Merrill Lynch has downgraded American Airlines stock to a ‘neutral’ rating just as airline CEO Doug Parker elected to take all his compensation in stock.
Remember that neutral means sell (and sell means build a shelter and accumulate canned goods and bullets). Historically an investment firm wouldn’t rate a sell (or likely even neutral, since ‘buy’ is considered neutral) if they hoped to get business from that firm in the future.
I think that airline stocks generally have had a good run, and there’s more downside risk than upside at this point. That’s true for the US industry as a whole rather than for American in particular.
It’s also true that they’ve already given up much of the gains from the past year. So this may be Merrill just shutting the proverbial barn door. Remember, the factors they see (and I see) aren’t secret or proprietary, so they may already be priced into the stock.
Of course I am not a professional investor, I invest predominantly in low cost, broad-based stock index funds. So what do I know? Then again Parker went all-in on his airline’s stock, and he’s an airline CEO not an investor (though presumably at least someone with insider knowledge).
Nonetheless, it’s reasonable to see the industry as a whole underpeform the market.
- While we no longer face $100 oil, fuel costs are up of late, and there may be greater risk of increases than likelihood of decreases although much of this depends on Chinese consumption.

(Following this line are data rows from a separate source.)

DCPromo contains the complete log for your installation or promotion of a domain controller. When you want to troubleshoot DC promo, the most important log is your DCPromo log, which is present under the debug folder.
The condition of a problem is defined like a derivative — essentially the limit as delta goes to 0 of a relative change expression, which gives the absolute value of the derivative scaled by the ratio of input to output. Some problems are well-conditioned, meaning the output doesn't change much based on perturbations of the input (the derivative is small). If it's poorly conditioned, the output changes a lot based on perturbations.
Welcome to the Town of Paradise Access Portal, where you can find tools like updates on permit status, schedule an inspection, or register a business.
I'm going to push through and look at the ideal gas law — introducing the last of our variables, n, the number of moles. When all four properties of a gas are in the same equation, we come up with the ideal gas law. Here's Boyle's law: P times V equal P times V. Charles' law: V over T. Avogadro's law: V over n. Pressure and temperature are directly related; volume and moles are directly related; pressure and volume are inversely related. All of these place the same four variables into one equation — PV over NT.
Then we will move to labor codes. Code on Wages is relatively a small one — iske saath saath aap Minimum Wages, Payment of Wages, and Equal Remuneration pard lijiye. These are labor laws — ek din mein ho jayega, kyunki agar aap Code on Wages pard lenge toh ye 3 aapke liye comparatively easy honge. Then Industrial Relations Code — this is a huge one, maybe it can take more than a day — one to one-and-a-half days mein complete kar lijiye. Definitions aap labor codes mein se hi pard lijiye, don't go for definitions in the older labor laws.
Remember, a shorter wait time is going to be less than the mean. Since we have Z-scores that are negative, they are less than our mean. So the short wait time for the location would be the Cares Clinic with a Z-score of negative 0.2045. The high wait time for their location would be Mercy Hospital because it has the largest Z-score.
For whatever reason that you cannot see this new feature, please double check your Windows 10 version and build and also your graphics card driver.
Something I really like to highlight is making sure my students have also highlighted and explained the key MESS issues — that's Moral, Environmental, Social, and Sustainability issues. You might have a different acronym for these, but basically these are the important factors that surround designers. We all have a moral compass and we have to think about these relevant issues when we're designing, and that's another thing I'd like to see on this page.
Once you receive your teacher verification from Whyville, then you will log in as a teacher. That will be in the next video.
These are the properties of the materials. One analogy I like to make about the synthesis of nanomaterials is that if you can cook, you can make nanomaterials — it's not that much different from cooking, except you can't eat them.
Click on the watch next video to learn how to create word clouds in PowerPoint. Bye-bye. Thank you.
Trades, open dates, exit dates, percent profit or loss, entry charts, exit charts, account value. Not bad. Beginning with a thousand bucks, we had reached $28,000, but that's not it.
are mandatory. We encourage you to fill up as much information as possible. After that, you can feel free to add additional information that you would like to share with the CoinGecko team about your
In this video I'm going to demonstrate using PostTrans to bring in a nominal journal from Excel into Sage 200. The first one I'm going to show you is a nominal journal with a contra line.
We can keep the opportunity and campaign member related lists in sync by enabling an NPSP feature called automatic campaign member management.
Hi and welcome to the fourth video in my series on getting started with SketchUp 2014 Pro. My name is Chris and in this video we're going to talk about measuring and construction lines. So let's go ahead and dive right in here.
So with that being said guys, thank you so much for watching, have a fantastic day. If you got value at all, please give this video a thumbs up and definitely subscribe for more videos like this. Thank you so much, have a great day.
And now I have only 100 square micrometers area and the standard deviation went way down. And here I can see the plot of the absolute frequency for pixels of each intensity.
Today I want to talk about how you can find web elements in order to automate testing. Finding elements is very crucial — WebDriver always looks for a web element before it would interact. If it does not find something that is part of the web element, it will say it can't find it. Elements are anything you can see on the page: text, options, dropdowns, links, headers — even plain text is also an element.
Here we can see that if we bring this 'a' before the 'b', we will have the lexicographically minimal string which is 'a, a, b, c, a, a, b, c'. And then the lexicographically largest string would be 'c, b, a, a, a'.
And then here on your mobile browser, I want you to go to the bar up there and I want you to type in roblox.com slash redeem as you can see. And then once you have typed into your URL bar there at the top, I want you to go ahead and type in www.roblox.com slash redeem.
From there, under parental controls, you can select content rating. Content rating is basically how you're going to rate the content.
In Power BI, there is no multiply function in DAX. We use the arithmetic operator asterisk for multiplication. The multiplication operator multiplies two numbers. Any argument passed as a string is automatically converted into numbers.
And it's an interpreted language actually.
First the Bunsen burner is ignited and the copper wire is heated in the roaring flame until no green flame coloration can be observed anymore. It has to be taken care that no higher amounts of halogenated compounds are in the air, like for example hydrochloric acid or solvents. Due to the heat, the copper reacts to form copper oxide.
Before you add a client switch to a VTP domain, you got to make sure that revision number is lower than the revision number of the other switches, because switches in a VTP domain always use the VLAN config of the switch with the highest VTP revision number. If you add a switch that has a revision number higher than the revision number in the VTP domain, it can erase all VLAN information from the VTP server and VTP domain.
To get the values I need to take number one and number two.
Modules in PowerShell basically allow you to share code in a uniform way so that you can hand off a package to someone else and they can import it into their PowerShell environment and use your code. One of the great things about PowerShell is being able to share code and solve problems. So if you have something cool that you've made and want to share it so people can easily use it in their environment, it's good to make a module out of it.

- Airlines have practiced capacity discipline over the past several years but with profits up and costs down are beginning to get more aggressive. Much of American’s increased capacity just comes from adding seats to existing aircraft, but the industry as a whole is beginning to grow capacity.
- The industry is cyclical, both with commodity prices (fuel) and the economy (demand for business travel). The first quarter showed negative growth. Nonetheless, airlines made money and in their most challenging quarter. Where the economy goes will drive airline profits and determine if they can absorb capacity growth.
- With backward-looking substantial profits, we may see increased friction with labor groups as they demand bigger pay packages.
I think the Merrill report is wrong to lead with the risk of reservation systems-integration. It’s not a zero risk, but:
- They’ve already merged frequent flyer programs, and that went well — doing this in stages is different from the past failed integrations like United/Continental.
- They’re reducing the risks of the reservation system cutover by draining down US Airways reservations before moving data. Running the US Airways operation on the American platform after mid-October isn’t without challenges, but the data migration should work out well.
Goodness knows I don’t give investment advice. I’m unlikely to outperform really smart people who spend all of their time looking for the slightest advantage and who still get killed half the time.
But I’m skeptical that airline stocks will continue their meteoric rise. And other than recognizing there’s some folks who believe United’s operation can only get better starting from a low base and who think that’s not already baked into their share price, I’d guess that the industry would likely tend to move together rather than singling out American’s stock (as we see from the stock price chart above). And if history has taught us anything it’s that airlines are always a strategic short-term play, rather than a long-term investment.